Speaker of the National Assembly and former Malawi Congress Party (MCP) vice president Richard Msowoya has announced that he has joined the United Transformation Movement (UTM), a day before the political grouping’s official launch at Masintha Ground in Lilongwe.
Msowoya announced the switch on Friday afternoon through his official social media platforms, weeks after dumping the major opposition MCP at a press briefing in Lilongwe.
Msowoya, who contested the 2014 presidential elections as running mate to MCP president Lazarus Chakwera, becomes the latest high profile politician to announce his allegiance to UTM.
Initially, UTM was formed by a group of officials from the ruling Democratic Progressive Party (DPP).
“My fellow Malawians, I hereby officially announce that I have joined the United Transformation Movement. My core values, experience in leadership and governance and passion for service align with the United Transformation Movement,” wrote Msowoya.
He added: “Together.

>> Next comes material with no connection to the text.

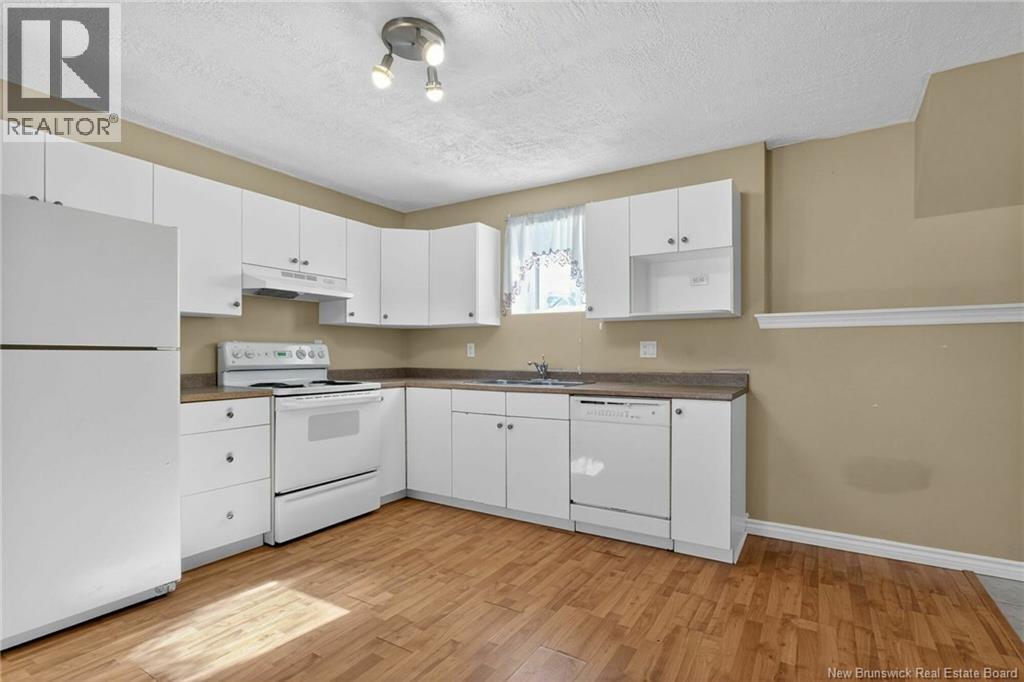 645 Melanson Road, Dieppe, New Brunswick  E1A 1A5 - Photo 14 - NB134565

Let us change mindsets and challenge the status quo; empower our people; create future leaders and opportunities for change and development; reshape and manage policy and dare to be different as we propel Malawi towards economic liberation and revival.
“THE TIME IS NOW AND TOGETHER WE CAN! Let’s meet at Masintha Ground in Lilongwe on Saturday.”
UTM members wanted sitting State Vice President Saulos Chilima, 45, to replace President Peter Mutharika, 79 , and contest the 2019 presidential election on DPP ticket.
After Mutharika resisted calls for his retirement, started by his sister-in-law Calista Mutharika, Chilima announced he was leaving DPP, accusing the ruling party of corruption and cronyism.
In a subsequent television interview with private broadcaster Zodiak Broadcasting Station (ZBS), Chilima announced that he was working with other politicians to form a broader coalition to challenge Mutharika’s rule.
Meanwhile, in the capital Lilongwe ahead of UTM’s Saturday launch, MCP youths yesterday swept the inner townships and town streets in convoys drumming support for MCP.
MCP has traditionally been strong in the capital city and surrounding Central Region districts.
However, the party now alongside nemesis DPP, face a challenge from the new political wave which seeks to attract the same voters MCP is banking on for it to return to leadership for the first time since the return of democracy in 1994.